If Raj Ghat Delhi represents the memorial of Mahatma Gandhi, then Aga Khan Palace Pune is symbolic of his larger than life shadow’s crematorium. A Palace where Kasturba Gandhi respired her last breath on February 22nd, 1944 while, Mahatma Gandhi read Gita by her side for hours. Both Bapu and Ba were ‘subjected’ to imprisonment, during the Quit India Movement and Aga Khan Palace is where they were detained until Kasturba Gandhi made her way, into eternal peace. Which, is why this palatial structure represents a ‘significant’ historic event from the pre-independence days of India.
As much as, the Aga Khan Palace Pune epitomizes India’s freedom movement, this 19-acre property was originally built by Sultan Muhammed Shah Aga Khan III to facilitate poor of the neighboring areas of Western India. A design curated in the late 18th-century which eventually became India’s most important landmark. However, back in the eighteenth century, this Palace accommodated famine victims of Maharashtra and later in the 19th-century, it was used as the detaining center for freedom fighters by the British government. Regardless, Aga Khan is a majestic architectural wonder which served as both the charity center and the prison for the Indian freedom movement, which led it to become the monument of national importance.
Aga Khan Palace is also recognized as the Gandhi National Memorial, as it served to be the prison for Mahatma Gandhi, his wife, and his secretary during the freedom movement. The prison room where Bapu was held, is now the part of a museum showcasing his clothes, utensils, letters, and pictures from the time he spent here. As depressing as, the historic-events may sound, the sprawling lawns and exemplary arches of this palace ignite a fresh breeze of perspective. Until 1970, before Aga Khan Palace, was turned into a prison, it served as the National Model School.

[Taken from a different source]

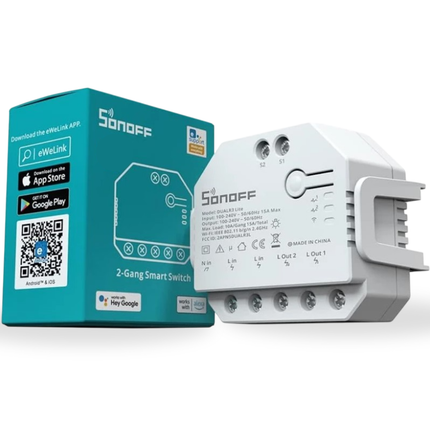 SONOFF DUALR3 Smart Wi-Fi Dual Relay Switch | Curtain & Roller Shutter Controller | Energy Monitoring | Smart Home Automation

In the present time, this Palace houses both Mahatma and Kasturba Gandhi’s memorials in the rear garden. Post freedom, the Palace was donated to Indian citizens as an act to mark Gandhi’s non-violence philosophies. Although, due to the negligence of the managing authorities, the Palace conditions had worsened by 1998 and only after, a protest was held in Pune in 1999, did the government look into renovating the damaged sections. Even today, the first floor of the building is shut down for the visitors as it holds old furniture and goods in a vandalized state.
Regardless, a trip to Pune is incomplete unless you have visited the landmark of national importance.